▸ Work item: Write out each line below exactly as it appears.

▸ Provided data:
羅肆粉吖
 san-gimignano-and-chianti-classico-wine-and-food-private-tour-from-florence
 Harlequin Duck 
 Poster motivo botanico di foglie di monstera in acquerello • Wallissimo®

▸ Answer for the task:
羅肆粉吖
 san-gimignano-and-chianti-classico-wine-and-food-private-tour-from-florence
 Harlequin Duck 
 Poster motivo botanico di foglie di monstera in acquerello • Wallissimo®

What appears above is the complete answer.